Please restate the listing word for word, omitting the images.
(Beginning of Data shown)
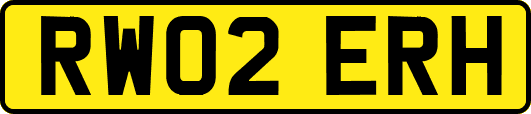 RW02ERH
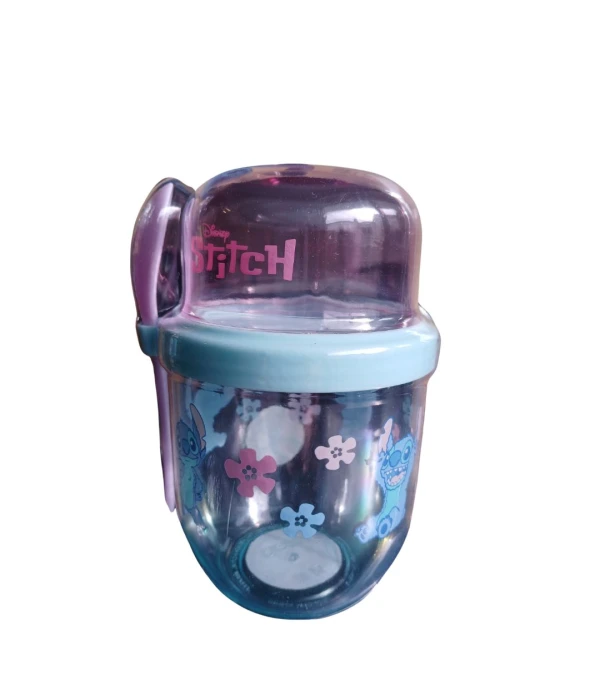 Vaso Yoghurt Stitch Vibes S/C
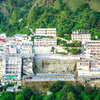 Shri Mata Vaishno Devi Shrine, Jammu and Kashmir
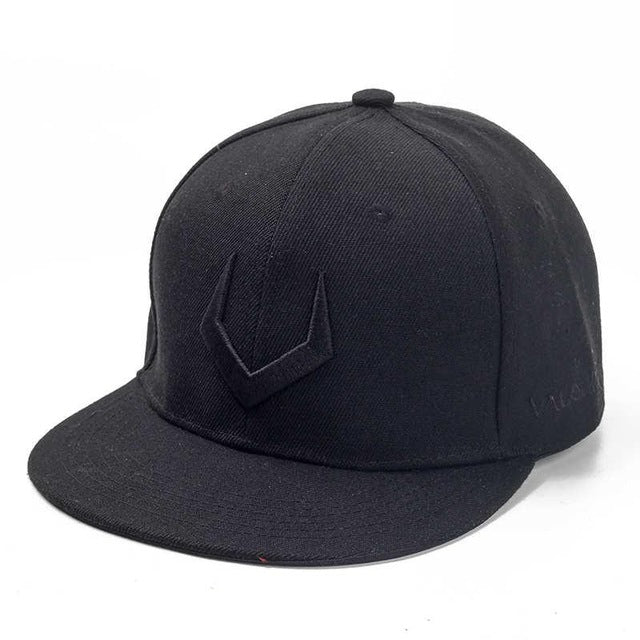 High Quality Cap - Alpha Clothing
(End of Data shown)
**Task solution**
 RW02ERH
 Vaso Yoghurt Stitch Vibes S/C
 Shri Mata Vaishno Devi Shrine, Jammu and Kashmir
 High Quality Cap - Alpha Clothing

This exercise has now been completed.